8. The wind turbine blade design method according to claim 7, wherein, The aerodynamic performance data includes at least one of power coefficient, annual power generation, blade root ultimate load and aerodynamic characteristics, and the geometric characteristic data includes at least one of absolute thickness distribution, blade surface area, blade aspect ratio and wind turbine solidity. The first preset condition includes at least one of absolute thickness, stall margin, power coefficient, and blade root load satisfying a preset constraint value. The stall margin includes the stall margin of the design lift coefficient or the stall margin of the design angle of attack. The second preset condition includes maximizing the function value of a multi-objective function with at least one of the power coefficient, the annual power generation, the blade root ultimate load, and the aerodynamic characteristics, and at least one of the absolute thickness distribution, the blade surface area, the blade aspect ratio, and the wind turbine solidity as objectives.

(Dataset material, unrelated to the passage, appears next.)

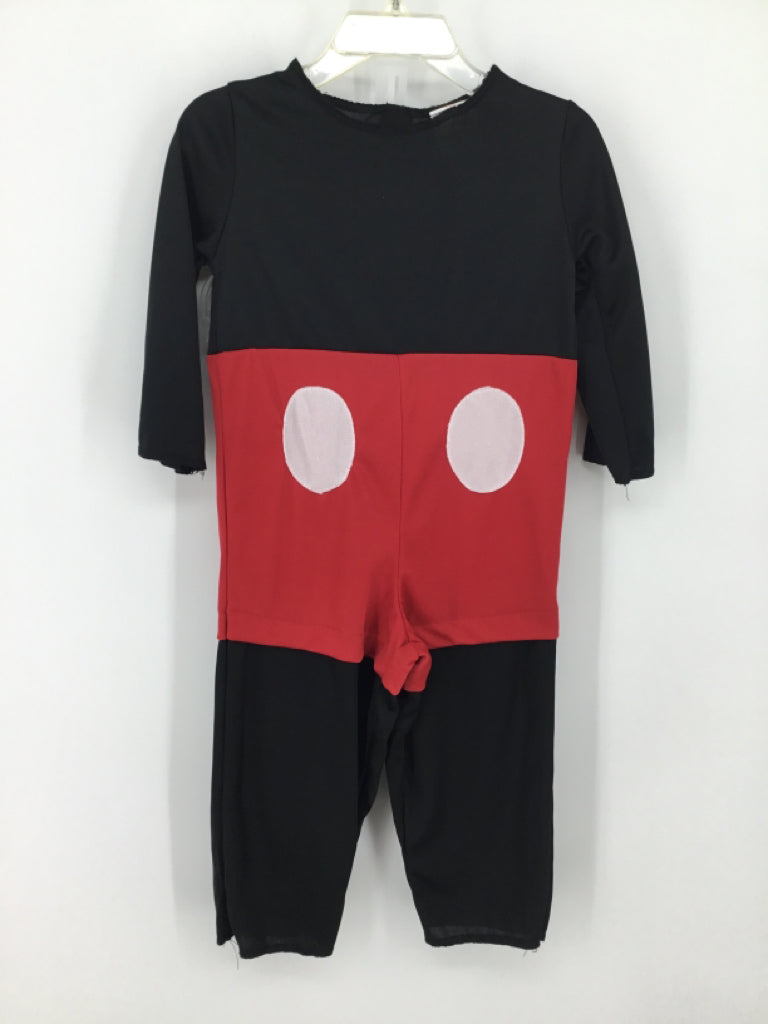 Disney Child Size 2 Black Mickey Mouse Halloween Costume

9. A wind turbine blade design device, the device comprising: The acquisition module is used to acquire the input configuration data and the value range of each of the multiple design variables. The configuration data includes wind condition data, wind turbine whole machine data of blade adaptation, blade data, model related data and airfoil data. The selection module is used to select the variable value of the design variable from the value ranges corresponding to the multiple design variables; The parsing module is used to analyze the blade shape based on the configuration data and the selected variable values to obtain candidate shape data and performance data of the blade. The evaluation module is used to evaluate whether the performance data meets preset conditions based on the objective function and constraints. The optimization module is used to select the variable values of the design variables from the value ranges corresponding to the multiple design variables again when the conditions are not met, and return the blade shape analysis based on the configuration data and the selected variable values to obtain the candidate shape data and performance data of the blade, until the performance data meets the preset conditions or the number of iterations reaches the preset number, and the candidate shape data obtained from the last analysis is determined as the final shape data of the blade.

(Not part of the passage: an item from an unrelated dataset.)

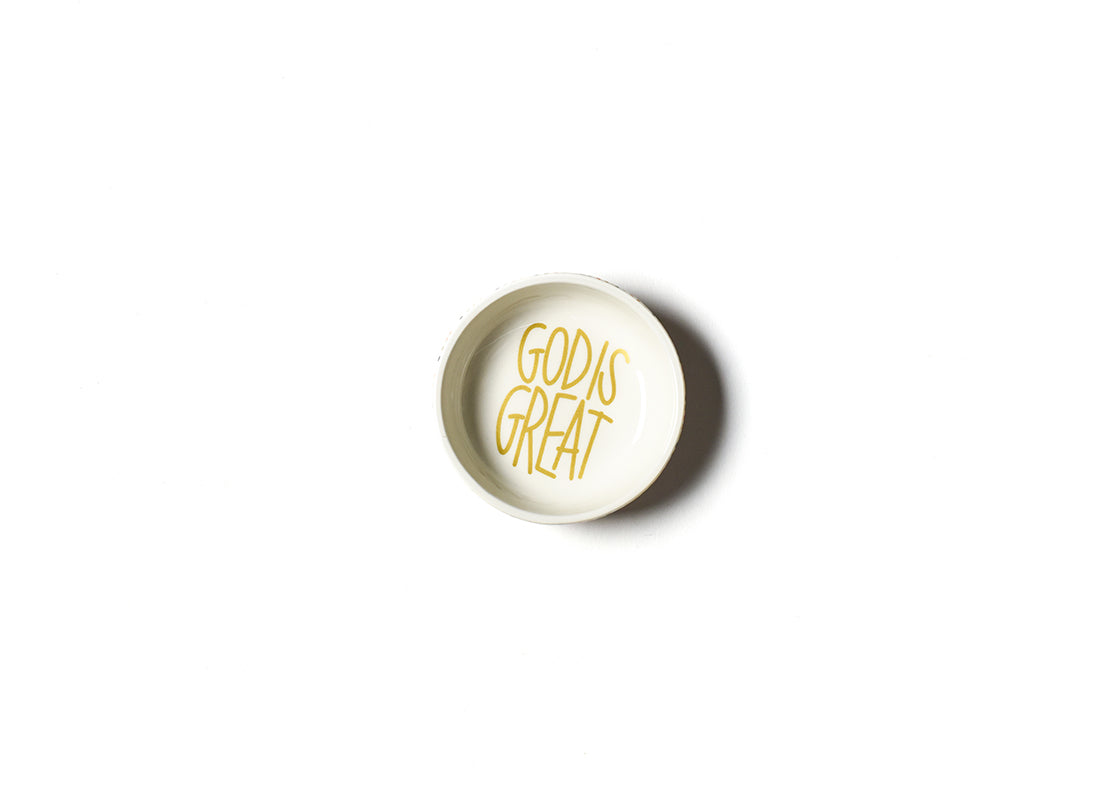Interior view of Dusk God Is Great Round Dipping Bowl Showcasing Design Details on Inside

10. A wind turbine blade design device, the device comprising: Processor and memory storing computer program instructions; When the processor executes the computer program instructions, it implements the wind turbine blade design method as described in any one of claims 1 to 8.
11. A computer-readable storage medium storing computer program instructions that, when executed by a processor, represent the wind turbine blade design method as described in any one of claims 1 to 8.
12. A computer program product, wherein instructions in the computer program product, when executed by a processor of an electronic device, cause the electronic device to perform the wind turbine blade design method as described in any one of claims 1 to 8.